A teacher, writer and creative writing PhD student, Tim’s work has been published by The Guardian, Little White Lies, The Quietus, 3:AM Magazine, New Welsh Review and Ernest Journal. His creative work has also appeared in a variety of literary organs, including the New Welsh Reader, The Shadow Booth, Black Static, Hinterland, Epoch, Porridge, The Nightwatchman and Litro. His debut collection of short stories, Where We Live, was released by Demain Publishing in November 2020 and he has had a piece of creative nonfiction published in a Dunlin Press anthology on the theme of ports. He won 2018’s New Voices in Fiction competition, run by Adventures in Fiction, and was a runner-up in the UEA New Forms Award (2020). He is currently working on a collection of essays.

Judge and New Welsh Review editor Gwen Davies commented:

“The section I read on [Tim] helping find a lost child at Hay Festival is paced like a crime novel in which a ‘do-gooder’ feels strangely like a perpetrator, because of media conditioning and his own past.”
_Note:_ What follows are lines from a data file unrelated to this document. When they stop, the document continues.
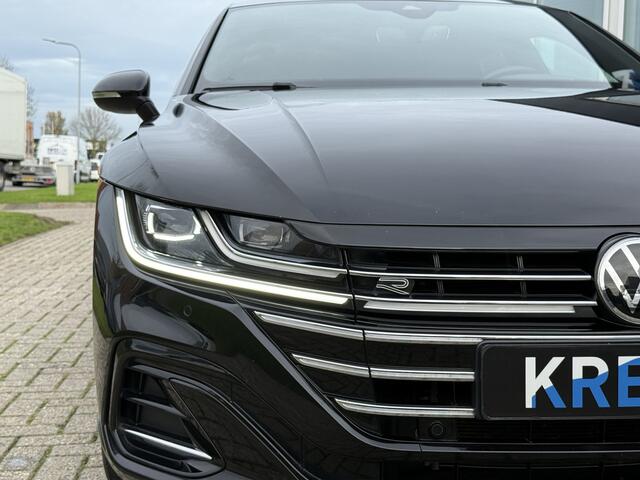 Volkswagen Arteon Shooting Brake 2.0 TSI R-Line Business+ Schuifdak |
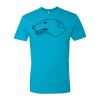 3600 - Next Level Premium Short Sleeve Crew Thumbnail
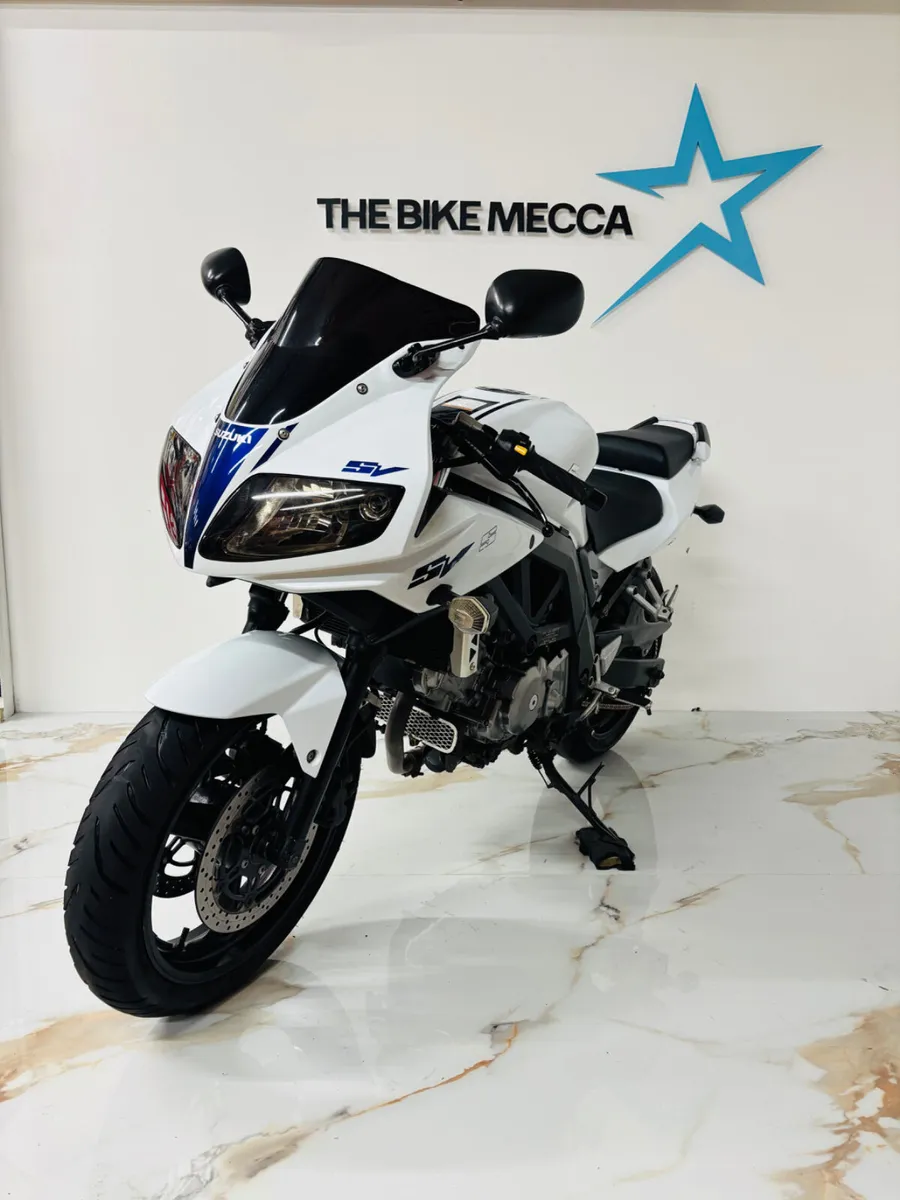 Suzuki sv650 - Image 2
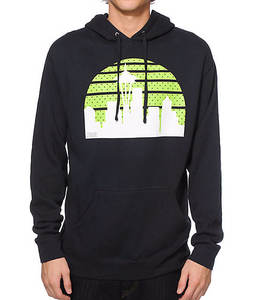 Sudadera con capucha para hombre con bolsillos laterales con cremallera y capucha con cordón ajustable para un almacenamiento seguro y un ajuste personalizado - Product Image 4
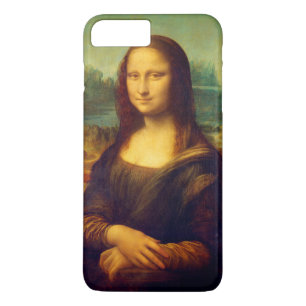 ザモナリザバイレオナルドダヴィンチ iPhone 8 PLUS/7 PLUSケース
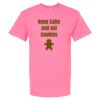 Gold Soft Touch T-Shirt Thumbnail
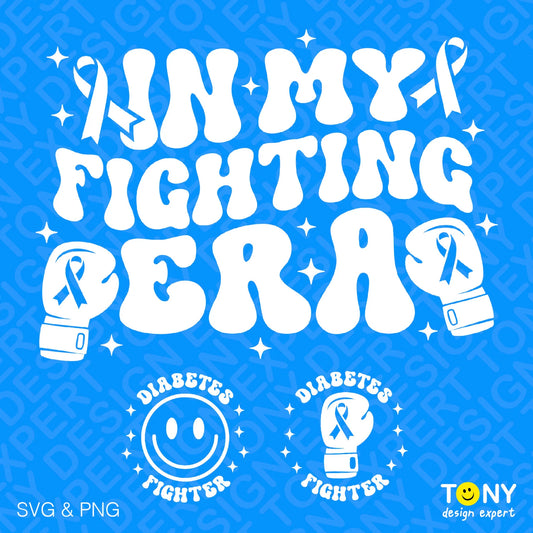 In My Fighting Era T1D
Despite the gruelling subject matter, she continues: “I am certain that, […] with his longstanding and genuinely urgent probing, in his published writing, of memory, media, repression and lost or hurt children, will produce superb work that will lead to enlightenment as well as lightening the load of so many readers, especially men, with whom such themes resonate. Fittingly, among this year’s competition entries, with their focus on loss and retelling, Tim’s exploration of how identities evolve may well lead to a look at how the erasure of former identities is not always about loss, but can bring about growth.”

He wins a £1,000 advance against a general publication under the New Welsh Rarebyte imprint, a positive critique by leading literary agent Cathryn Summerhayes of Curtis Brown, and a year-long subscription to New Welsh Review.